Technology is revolutionizing the way we drive. Many technological innovations designed to increase driver safety are already available, and many more are being developed. Some of these safety systems are designed to help drivers make appropriate decisions, while others will initiate decisions themselves if the driver is not capable during safety-critical moments. However, these systems can come with unanticipated effects—causing the driver’s behavior to change or adapt in unforeseen ways that may compromise the potential benefits of a system.
Researcher Linda Ng Boyle aims to make sure the adaptive effects of vehicle safety systems are fully understood. As professor and chair of the Department of Industrial and Systems Engineering at the University of Washington, she has conducted numerous studies that model the effects of drivers’ adaptive behavior on system safety. In October, Boyle visited the U of M to deliver a presentation on her work as part of the Roadway Safety Institute’s Seminar Series.
According to Boyle, behavioral adaptation can have a significant effect on the performance of driver safety systems.
“The idea behind behavioral adaptation is that when you use a driving technology, your performance will initially improve, but over time your performance will level off,” Boyle said. “If the system is deactivated, there may be a positive transfer, where what we learn remains with us to make our performance better than before, but the more likely case is when the system is gone you’ll go back to your baseline performance.
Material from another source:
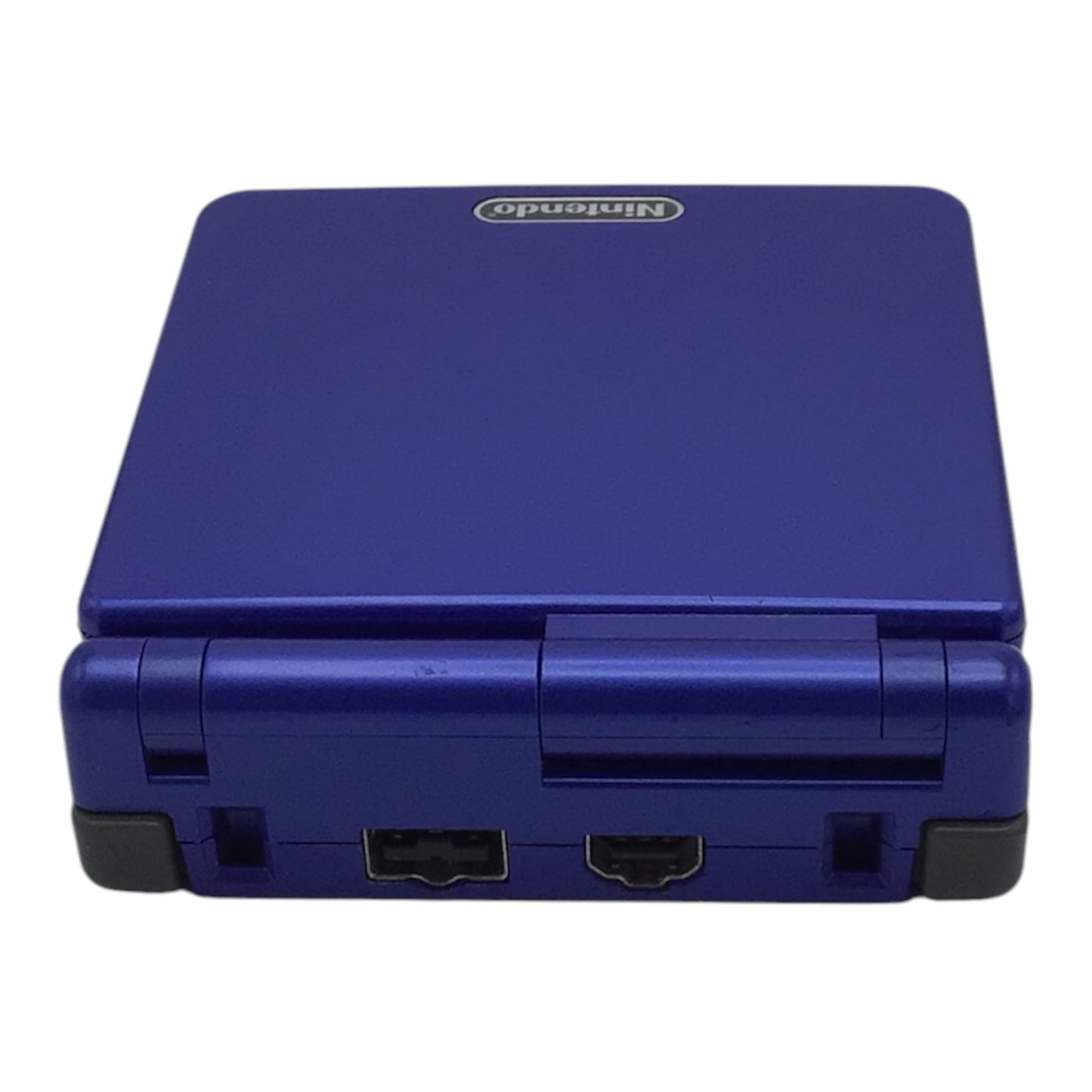 Nintendo GameBoy Advance SP Blue w/ Charger - Tested & Working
There’s also the chance of a negative transfer where your performance actually gets worse when the system is deactivated.”
One specific technology that is influenced by driver adaptation is adaptive cruise control (ACC), which automatically adjusts the vehicle speed to maintain a safe distance from the vehicles ahead. In her presentation, Boyle examined how ACC can be used as a case study to show how behavioral adaptation can be studied and modeled using two different approaches: naturalistic studies and driving simulation studies.
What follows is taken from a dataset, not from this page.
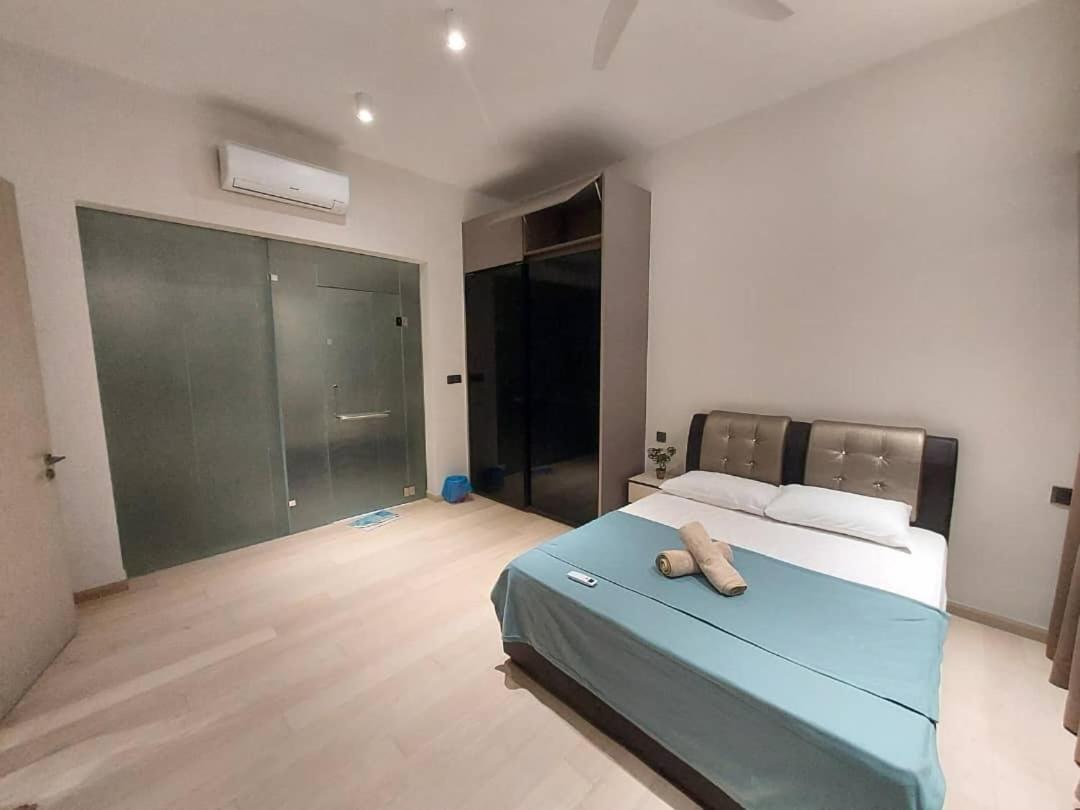 Star Residence Klcc Kuala Lumpur Zewnętrze zdjęcie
“In naturalistic studies that use real-world data, there can be a lot of variation in the data, but information and observations from the real-world environment can show us what particular situations to simulate in the controlled environment of a driving simulator,” she said.
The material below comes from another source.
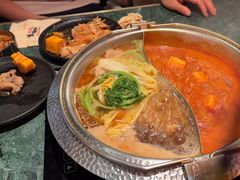 -牛New寿喜烧(曹路花园城店)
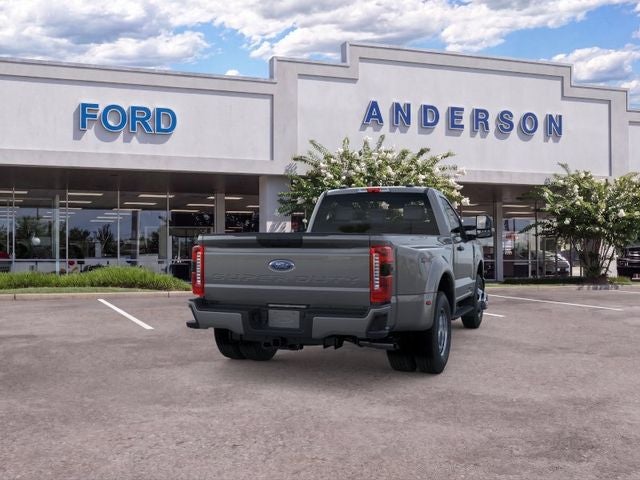 2026 Ford F-350SD XL DRW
During the past five years, Boyle has conducted several studies to help shed light on the adaptive effects of ACC. For example, a naturalistic study analyzed real-world data to determine the likelihood of drivers manually braking when the ACC system began braking or slowing down the vehicle. A second study used a driving simulator to test how experienced ACC drivers used the driving technology, how often they engaged or disengaged the ACC, how many warnings the ACC system issued, and how much drivers trusted their ACC system.
“We found that though the group of drivers was pretty homogenous in terms of age, they all used ACC very differently,” Boyle said. “Based on these findings, we were able to classify drivers into three different cluster groups—conservative, moderately risky, and risky.”
Boyle believes that the best way to effectively model drivers’ adaptive behavior is to use a balanced approach that takes into account both naturalistic and simulation studies. “You need a range of different techniques and an understanding of how to bring them together,” Boyle said. “In this way, we’ll be able to learn how to design better systems that can reduce the risk and enhance the safety of everyone using the transportation network.”
A recording of the seminar is available on the Roadway Safety Institute website.